Concerning the fundamental knowledge that all students should possess, the Study Group does make several recommendations. Students should possess an understanding of the origins, developments, and major trends of Western civilization; they must carefully read the masterworks of the civilization and be able to grasp the most significant developments in the history of philosophy, and they should have a proficiency in a foreign language, with “the ability to view that language as an avenue into another culture.”
The Study Group further recommends that students become familiar with at least one non-Western culture and study the history of science and technology.

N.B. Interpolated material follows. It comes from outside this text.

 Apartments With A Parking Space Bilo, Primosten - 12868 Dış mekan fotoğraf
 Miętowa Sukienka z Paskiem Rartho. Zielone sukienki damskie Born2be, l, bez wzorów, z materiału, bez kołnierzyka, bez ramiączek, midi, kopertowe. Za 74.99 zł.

Teaching is essential to the success of humanities education. Bennett urges that graduate departments reassess their training priorities to escape what one Study Group member called graduate education’s tendency toward “hyperspecialization and self-isolating vocabularies.” Excellence in teaching should be rewarded in hiring, promotion, and tenure. Perhaps most important, good teaching should be seen as a passionate commitment, Teachers must have a mastery of the subjects they teach and an ability to communicate the power of a work and the worth of learning.
The new year is taking shape as one for post-secondary education assessment. In addition to Bennett’s study, the National Institute of Education has released a report on the state of learning in our nation’s colleges (Perspectives, forthcoming). A major study is also underway by the Association of American Colleges.
Copies of Bennett’s report are available from the Office of Public Affairs, National Endowment for the Humanities, 1100 Pennsylvania Ave. NW, Washington, DC 20506.
Note: NEH Chairman William Bennett was nominated in Jan. 1985, to replace Terrel Bell as Secretary of Education.